The thing I want to make a note of for the engagements is the consequence for clients who use cloud storage providers for backup or for working data. The Megaupload servers also held data legitimately uploaded by paying customers — businesses, academics, researchers — who were not part of the alleged copyright infringement and who have, as of this morning, lost access to their data. The DOJ has indicated that legitimate customers may eventually be able to recover their data through some kind of process; the timeline is unclear and the practical recoverability depends on what happens to the seized hardware while the trial works through the courts. The operational lesson is that the takedown of a cloud provider can produce significant data loss for customers whose only relationship with the provider was paying for storage, and this is a risk that needs to be on the cloud-provider risk assessment in a way it has not been previously. I am writing this up for two of the Hedgehog clients this week.

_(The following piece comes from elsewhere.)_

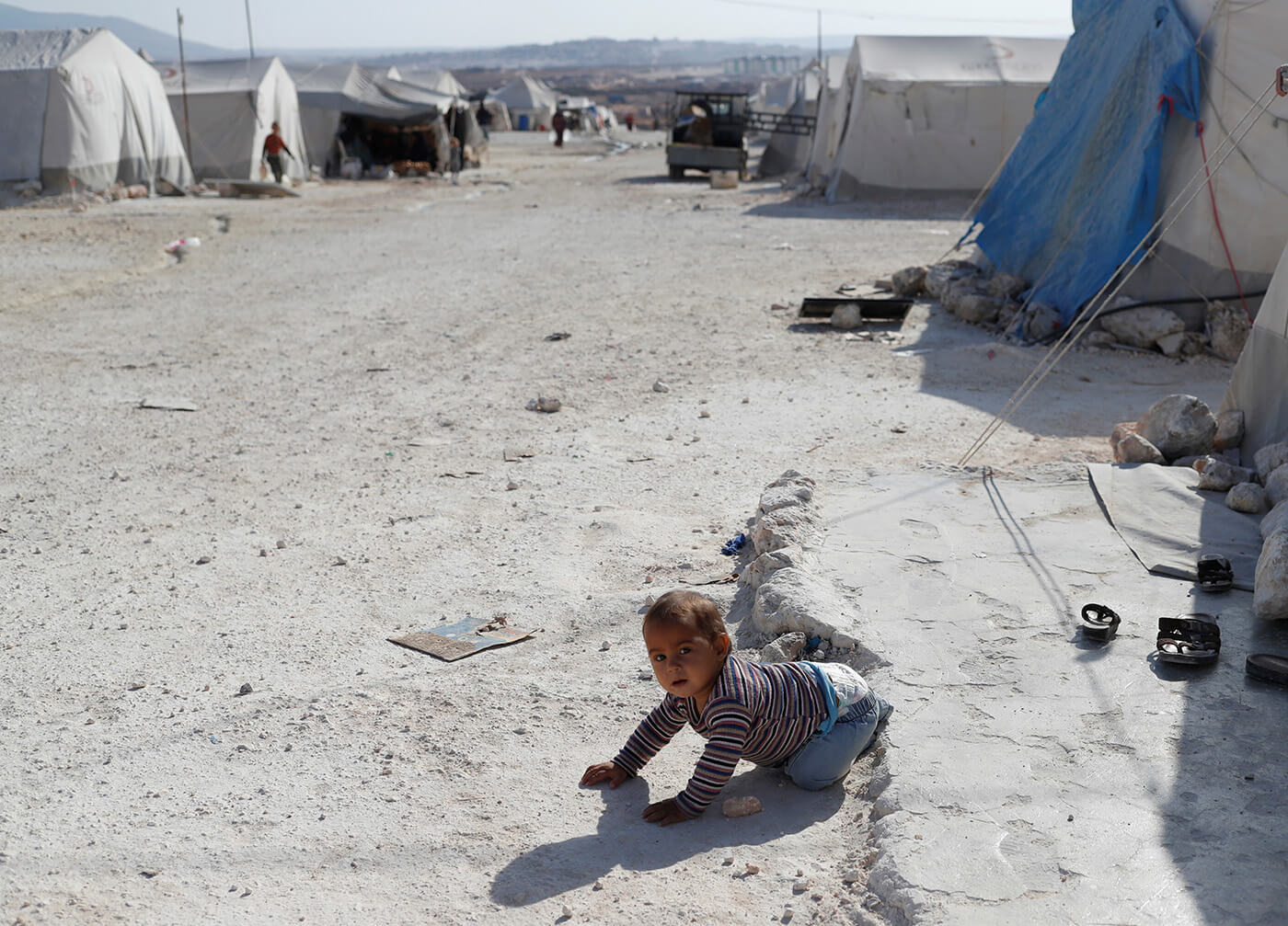 Hundreds of women and children affiliated with ISIS escape from Ain Issa camp in northern Syria during the Turkish offensive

The wider piece — what SOPA and PIPA being shelved tells us about the political shape of internet regulation in 2012 — is something I will think about more before writing. The headline observation is that the entertainment-industry political coalition that has dominated copyright legislation for two decades has, this week, lost a fight it expected to win. Whether that is the start of a sustained shift or a single tactical loss is not yet clear. The follow-on legislative attempts — the Cybersecurity Act of 2012 in the US, ACTA in the EU — are going to test the same political coalition over the coming year, and I will be following them.
The next post is probably either the LulzSec successor activity that has been reorganising under various banners since the disbanding announcement in June, or whatever the Symantec source-code situation produces — Anonymous-affiliated operators are claiming to have stolen Symantec's source code and have been demanding a ransom, which Symantec is publicly refusing to pay.